小皿には、くったりとした輪切りのきゅうりが置かれている。


「ごめんなさいねぇ、甘いものは切らしてて。漬物くらいしかないんだけど」

「わたし漬物大好きです!」


 思わず即答してしまった私に、おばあさんがぱちくりと目を瞬かせる。それから目を線にして笑いながら、手をヒラヒラと縦に振った。


「あら~!それはよかった。ぬか漬けのきゅうり、ちょうどいい漬かり具合なのよ」

 自家製のぬか漬けを食べるなんていつ振りだろう。一度親戚の家にあったぬか漬けを食べさせてもらって「うちもやろうよ」っていったけど、お母さんが「ぬかの匂いがちょっと……」と微妙な顔でNGを出してきたんだっけ。

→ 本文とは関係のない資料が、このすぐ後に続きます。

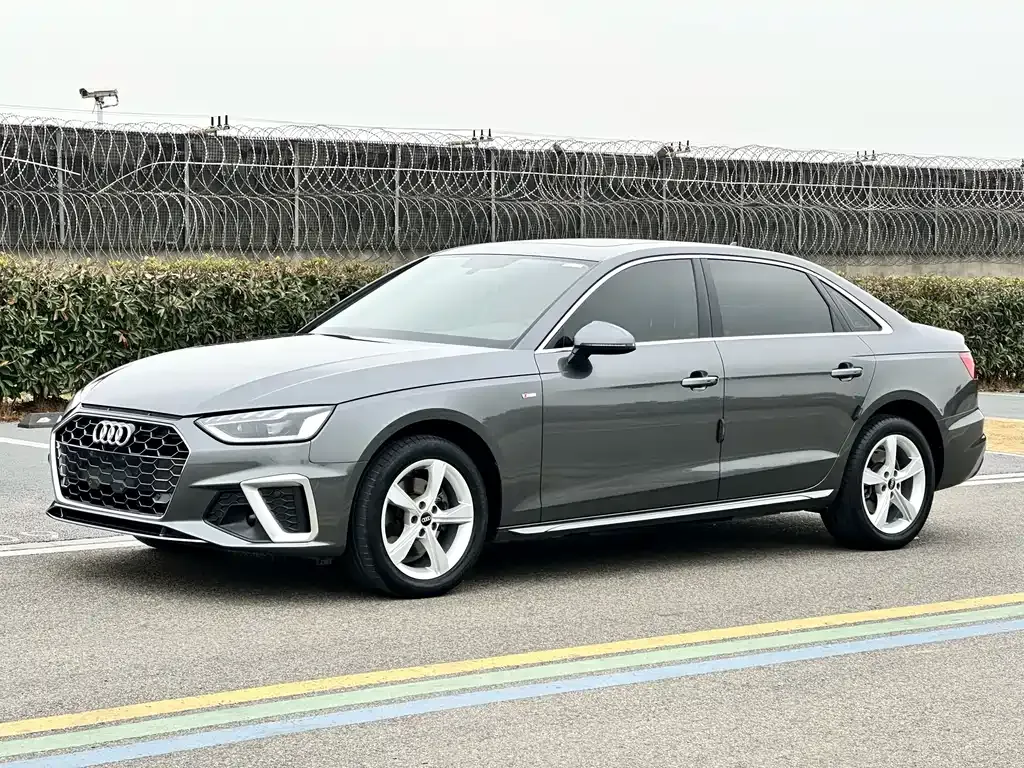 Audi A4L — фото 1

 小皿の端に置かれた爪楊枝を手にして、くったりしたキュウリを刺して持ち上げる。

 一口、ぱりっとかじると――


「……おいし……」


 思わず、言葉が漏れた。

 ぬかの香りがやさしくて、野菜の味がきちんとして。しょっぱすぎないその塩加減に、じんわりと頬がゆるんでしまう。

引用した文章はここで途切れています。